### RECORDS FOR PROCESSING

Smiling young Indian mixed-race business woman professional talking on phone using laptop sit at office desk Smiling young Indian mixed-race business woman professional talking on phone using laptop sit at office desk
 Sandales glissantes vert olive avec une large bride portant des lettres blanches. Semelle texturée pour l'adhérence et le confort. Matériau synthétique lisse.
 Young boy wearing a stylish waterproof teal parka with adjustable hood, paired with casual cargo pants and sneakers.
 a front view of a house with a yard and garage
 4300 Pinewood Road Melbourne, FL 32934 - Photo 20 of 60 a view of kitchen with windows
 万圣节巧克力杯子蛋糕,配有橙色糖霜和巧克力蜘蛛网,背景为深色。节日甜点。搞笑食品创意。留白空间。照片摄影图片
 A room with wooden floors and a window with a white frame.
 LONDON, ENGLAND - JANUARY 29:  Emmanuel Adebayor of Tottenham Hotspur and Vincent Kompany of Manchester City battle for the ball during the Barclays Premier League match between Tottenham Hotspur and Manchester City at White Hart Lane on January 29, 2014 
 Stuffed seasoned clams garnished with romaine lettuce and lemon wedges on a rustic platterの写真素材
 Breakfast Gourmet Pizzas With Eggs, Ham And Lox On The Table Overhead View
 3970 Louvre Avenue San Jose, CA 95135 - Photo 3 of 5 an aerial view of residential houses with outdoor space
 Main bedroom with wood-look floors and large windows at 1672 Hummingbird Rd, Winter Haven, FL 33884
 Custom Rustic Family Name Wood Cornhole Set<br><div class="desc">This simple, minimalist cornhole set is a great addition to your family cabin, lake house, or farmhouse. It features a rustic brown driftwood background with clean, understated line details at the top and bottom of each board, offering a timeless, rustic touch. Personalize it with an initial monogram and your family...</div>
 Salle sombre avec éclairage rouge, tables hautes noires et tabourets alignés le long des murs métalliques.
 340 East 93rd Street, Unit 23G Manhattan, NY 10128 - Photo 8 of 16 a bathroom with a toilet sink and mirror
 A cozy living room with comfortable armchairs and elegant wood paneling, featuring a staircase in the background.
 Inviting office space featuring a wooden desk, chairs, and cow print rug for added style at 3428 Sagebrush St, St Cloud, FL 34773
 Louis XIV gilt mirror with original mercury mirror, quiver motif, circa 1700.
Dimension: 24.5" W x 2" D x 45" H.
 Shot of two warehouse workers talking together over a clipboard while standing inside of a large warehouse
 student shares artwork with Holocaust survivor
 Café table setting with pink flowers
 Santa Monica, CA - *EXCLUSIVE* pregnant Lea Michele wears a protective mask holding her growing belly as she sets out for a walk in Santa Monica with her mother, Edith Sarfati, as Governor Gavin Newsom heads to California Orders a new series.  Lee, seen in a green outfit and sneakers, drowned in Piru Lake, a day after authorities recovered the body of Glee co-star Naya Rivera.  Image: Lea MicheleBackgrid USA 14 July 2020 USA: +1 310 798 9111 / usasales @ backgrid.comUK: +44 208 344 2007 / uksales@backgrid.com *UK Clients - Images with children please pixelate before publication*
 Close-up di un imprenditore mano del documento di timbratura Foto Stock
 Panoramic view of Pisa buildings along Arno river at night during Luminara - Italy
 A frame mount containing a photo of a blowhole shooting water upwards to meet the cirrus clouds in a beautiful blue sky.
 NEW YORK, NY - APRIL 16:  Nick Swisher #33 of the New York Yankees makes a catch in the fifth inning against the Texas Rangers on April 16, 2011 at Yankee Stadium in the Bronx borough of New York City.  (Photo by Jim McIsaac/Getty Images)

######

WORK TO BE COMPLETED:
Would you copy, word for word, only the lines from the start of the listing to the one that contains "Sandales glissantes vert", both included?

EXERCISE RESULT:
Smiling young Indian mixed-race business woman professional talking on phone using laptop sit at office desk Smiling young Indian mixed-race business woman professional talking on phone using laptop sit at office desk
 Sandales glissantes vert olive avec une large bride portant des lettres blanches. Semelle texturée pour l'adhérence et le confort. Matériau synthétique lisse.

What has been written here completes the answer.